PROC LOGISTIC now has the CODE statement so you can have the scoring code created for you.

Compare your code to that code is one good way to check this process.

And here's a post that illustrates an end to end check for the calculations:

Raw data to run the code is here: (neuralgia data set)

https://documentation.sas.com/doc/en/pgmsascdc/9.4_3.4/statug/statug_logistic_examples02.htm

And post showing example:

https://communities.sas.com/t5/Statistical-Procedures/How-to-determine-logistic-regression-formula-f...

Fluorite | Level 6

## Re: Manually calculating logistic regression probabilities

Thank you @Reeza.
I have just tried the code in the post you shared and I got the same value with my manual calculation (0.000129594) both of which are not close to IP_1. Below are the values. The code inputs 0 for var3 and var4 just like I do in my manual calculation, but the pred prob gets close to IP_1 only if we input 1 just like @FreelanceReinhard did. I am not clear on why we would multiply by 1 instead of 0, when the values of the variables are 0. Any thoughts?

IP_1 myformula
0.000405819 0.000129594
Super User

## Re: Manually calculating logistic regression probabilities

Post the Effect Coding matrix please.

Fluorite | Level 6

## Re: Manually calculating logistic regression probabilities

Here is the class levels. Does the last column mean if the value is 0 in the data, input them as 1? If that's the case, how can I flip them?

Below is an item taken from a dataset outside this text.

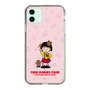 スリムプロテクションケース［ ちびまる子ちゃん - マラカス ］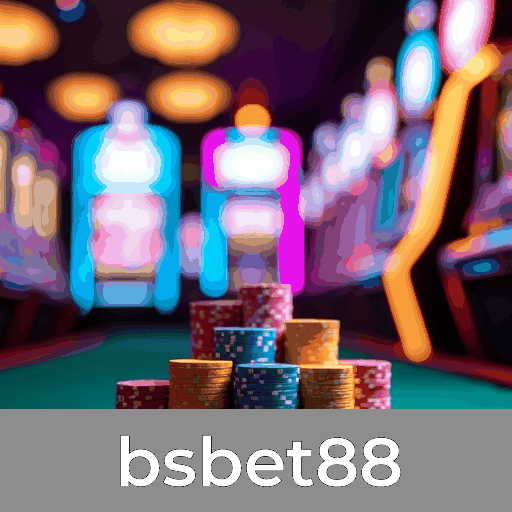 Experimente o Sistema Exclusivo de Login Ultra Rápido no bsbet88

 Class Level Information Class Value Design Variables var3 0 1 1 0 var4 0 1 1 0
Super User

## Re: Manually calculating logistic regression probabilities

Note that your value and design code are flipped... 0 maps to 1 and 1 maps to 0.
Super User

## Re: Manually calculating logistic regression probabilities

You've specified the reference level is 1, which means that is coded as 0.

Sounds like you want the opposite, you can just remove the reference specification.

proc logistic data=mydata desc outmodel= model plots(only)=roc PLOTS(MAXPOINTS=NONE) plots=effect;
class var3 (ref='1') var4 (ref='1') / param = ref ;
model target_var = var1 var2 var3 var4 / lackfit firth ctable pprob=(0.0010, 0.0015, 0.002, 0.0025, 0.003, 0.004) maxiter=100;
output out=preds predprobs=individual;
run;
Fluorite | Level 6

## Re: Manually calculating logistic regression probabilities

Actually I wasn't using the reference specification in my original code and still 0 and 1 were flipped, but if I do (ref='0') that gives the same probabilities with IP_1. Thank you for your help!